* [What is being asked]:
Would you transcribe the records below from the line with "Fashionable Earrings &amp; Earcuff" to the line with "joueur-de-golf-qui-marche", ends included, exactly and with nothing more, leaving the pictures out?

* [Entries provided]:
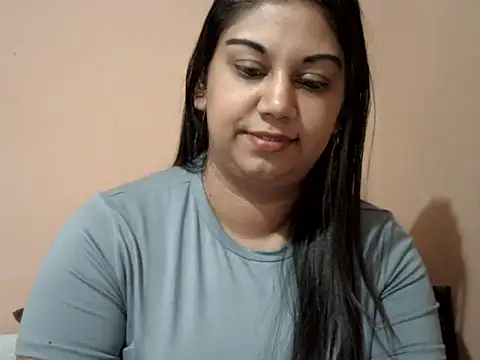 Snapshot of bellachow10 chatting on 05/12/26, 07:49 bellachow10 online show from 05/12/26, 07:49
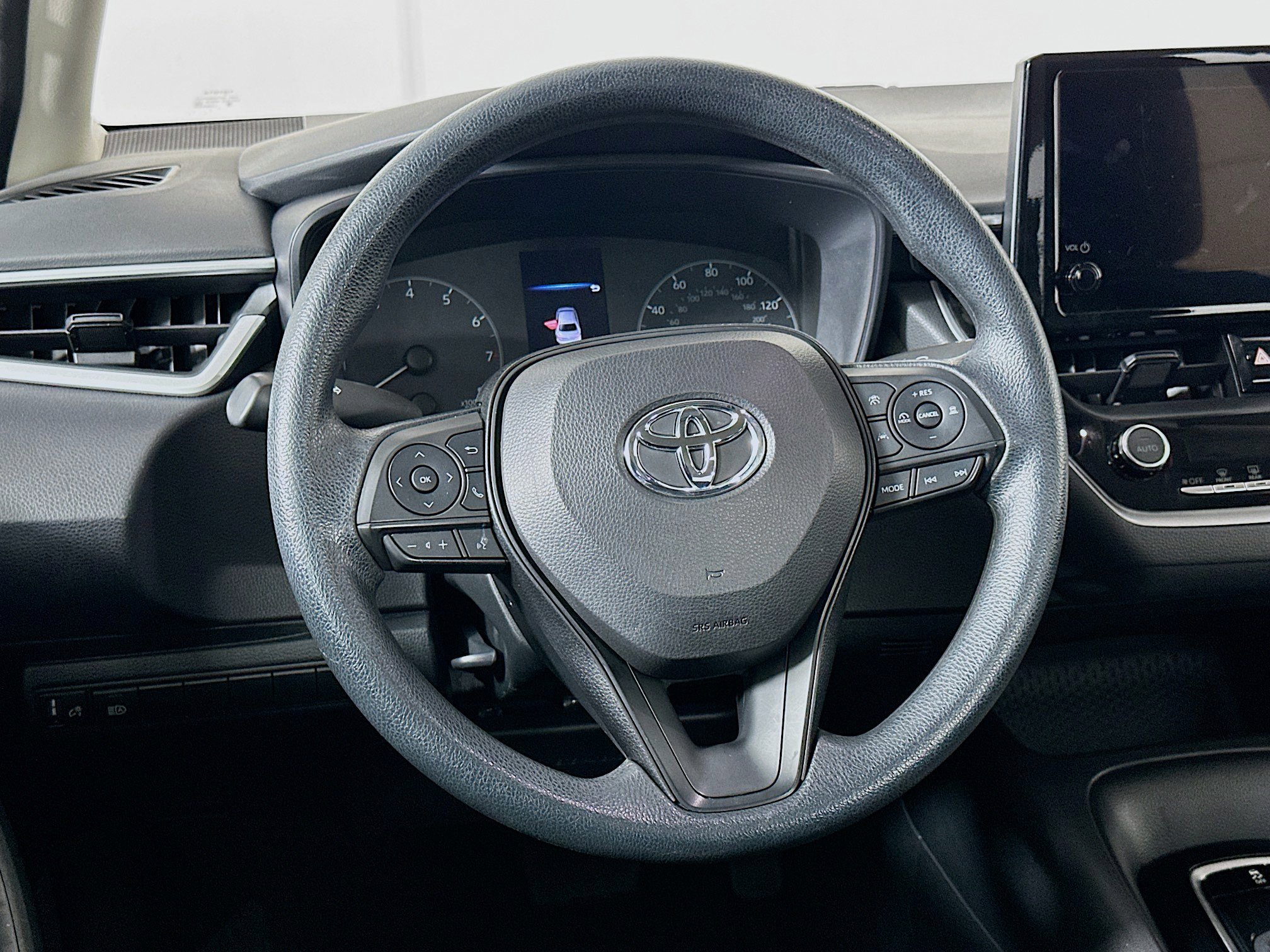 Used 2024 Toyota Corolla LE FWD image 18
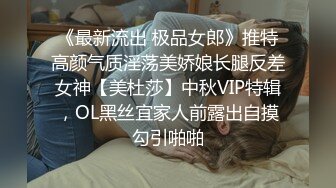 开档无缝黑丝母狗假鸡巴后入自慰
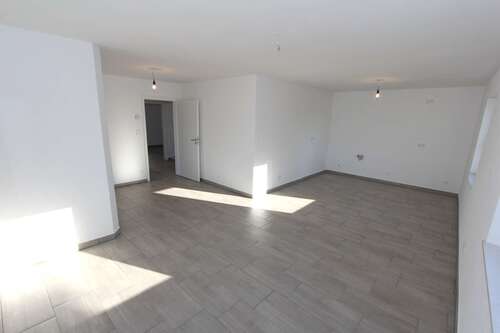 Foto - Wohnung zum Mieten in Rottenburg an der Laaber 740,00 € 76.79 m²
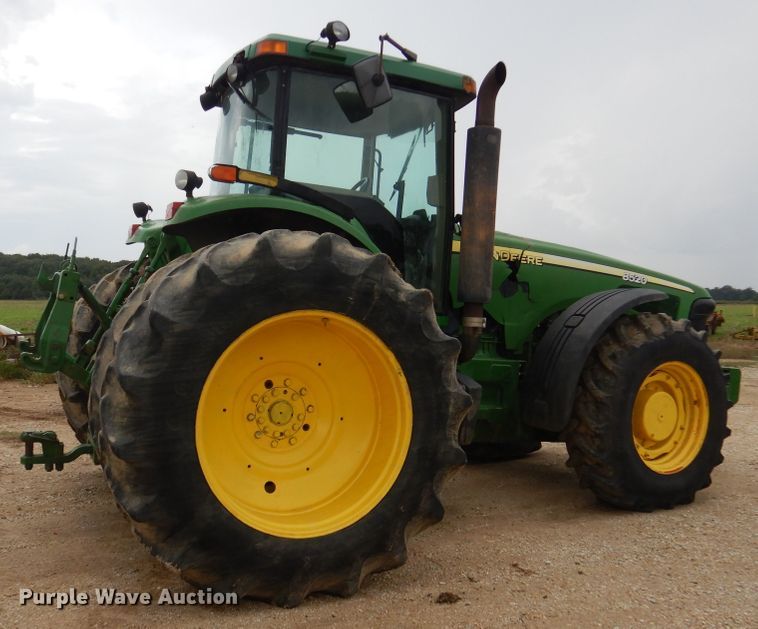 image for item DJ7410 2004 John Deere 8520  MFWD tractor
* * *
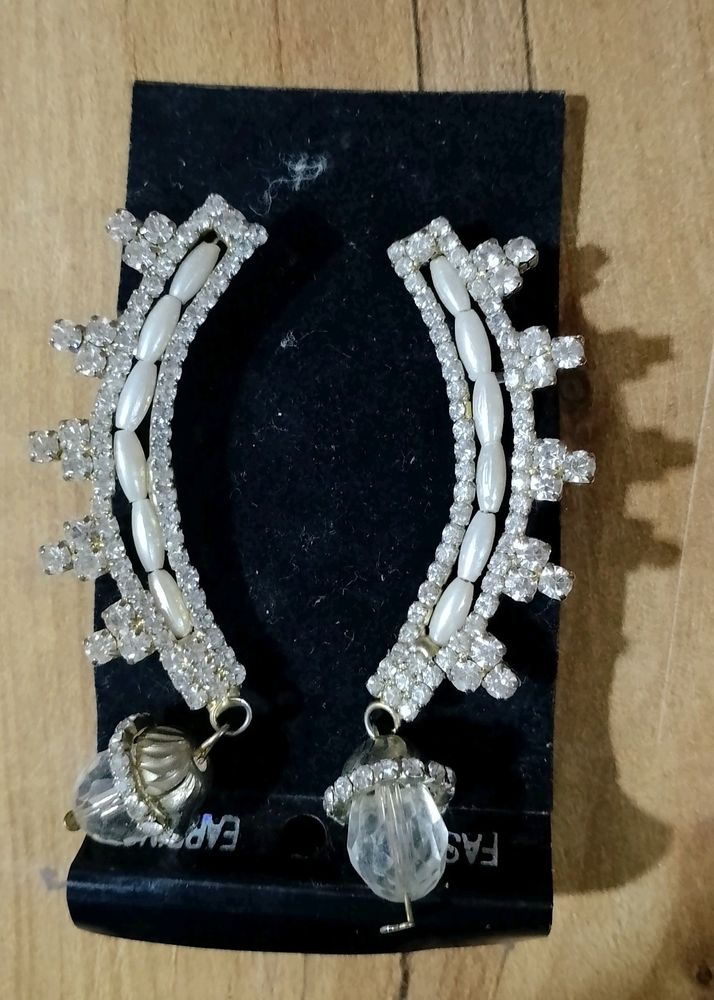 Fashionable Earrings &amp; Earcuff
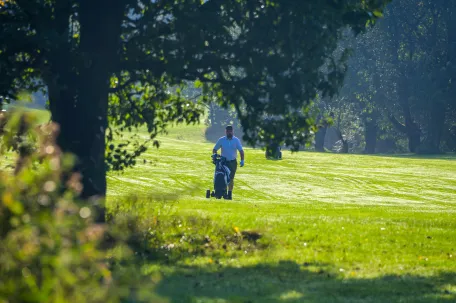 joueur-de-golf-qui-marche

* [Written answer]:
 Fashionable Earrings &amp; Earcuff
 joueur-de-golf-qui-marche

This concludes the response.